**PROBLEM STATEMENT**: Transcribe the records verbatim, images excluded.

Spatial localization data

■ ■ ■ ■ ■ ■ ■

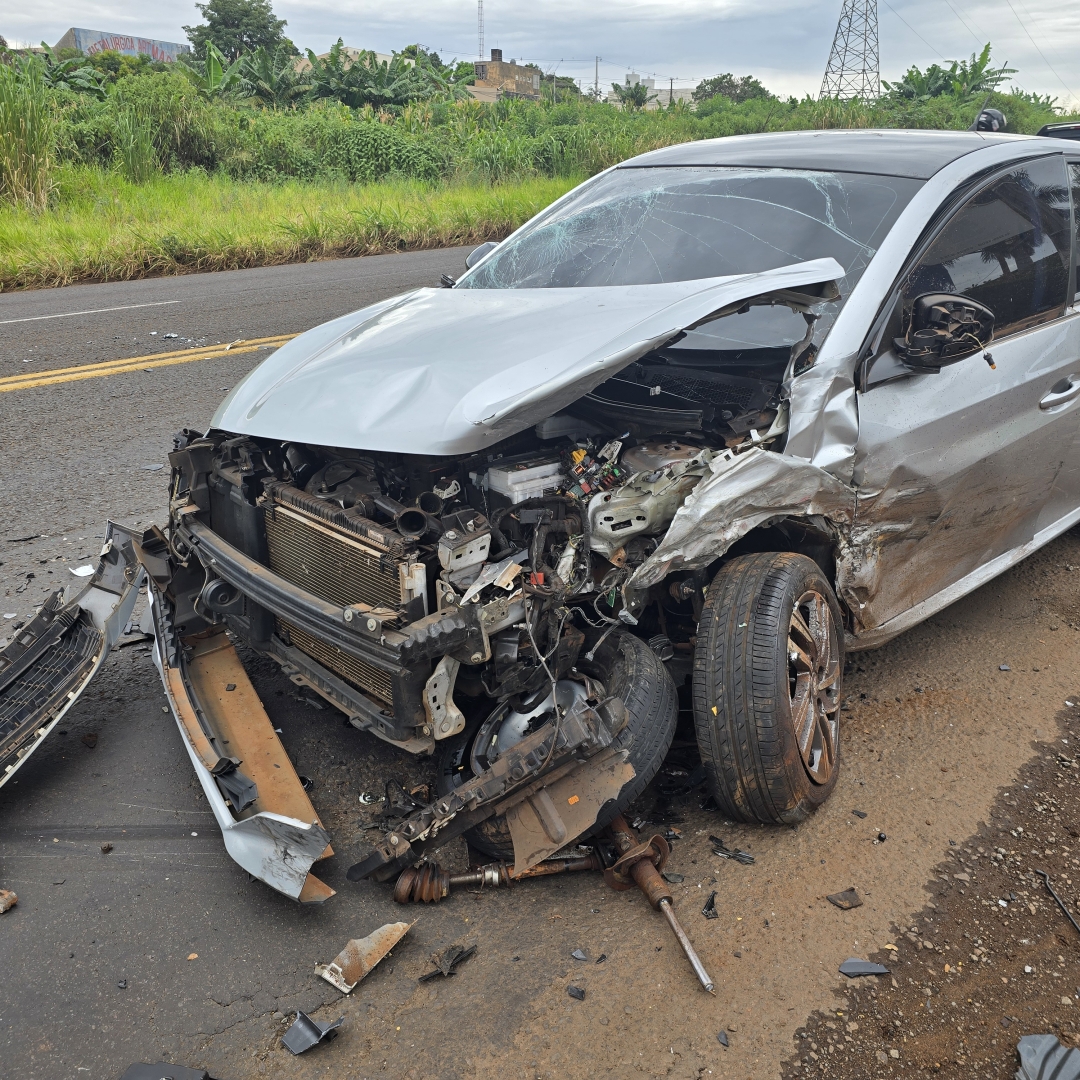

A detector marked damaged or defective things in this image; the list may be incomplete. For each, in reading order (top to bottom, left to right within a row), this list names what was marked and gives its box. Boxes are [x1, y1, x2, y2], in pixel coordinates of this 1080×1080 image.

shattered windshield glass [460, 163, 924, 295]
crumpled hood [210, 261, 842, 455]
wrecked car [8, 128, 1080, 902]
broken bumper cover [0, 522, 143, 794]
broken bumper cover [145, 583, 334, 902]
detached front bumper [147, 583, 332, 902]
broken plastic piece [699, 885, 717, 920]
broken plastic piece [825, 885, 859, 911]
broken plastic piece [315, 920, 412, 993]
broken plastic piece [416, 941, 477, 984]
broken plastic piece [838, 963, 889, 980]
broken plastic piece [119, 1062, 218, 1080]
broken plastic piece [280, 1010, 343, 1054]
broken plastic piece [1010, 1032, 1080, 1075]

■ ■ ■ ■ ■ ■ ■

**ANSWER SPACE**:
A detector marked damaged or defective things in this image; the list may be incomplete. For each, in reading order (top to bottom, left to right within a row), this list names what was marked and gives its box. Boxes are [x1, y1, x2, y2], in pixel coordinates of this 1080×1080 image.

shattered windshield glass [460, 163, 924, 295]
crumpled hood [210, 261, 842, 455]
wrecked car [8, 128, 1080, 902]
broken bumper cover [0, 522, 143, 794]
broken bumper cover [145, 583, 334, 902]
detached front bumper [147, 583, 332, 902]
broken plastic piece [699, 885, 717, 920]
broken plastic piece [825, 885, 859, 911]
broken plastic piece [315, 920, 412, 993]
broken plastic piece [416, 941, 477, 984]
broken plastic piece [838, 963, 889, 980]
broken plastic piece [119, 1062, 218, 1080]
broken plastic piece [280, 1010, 343, 1054]
broken plastic piece [1010, 1032, 1080, 1075]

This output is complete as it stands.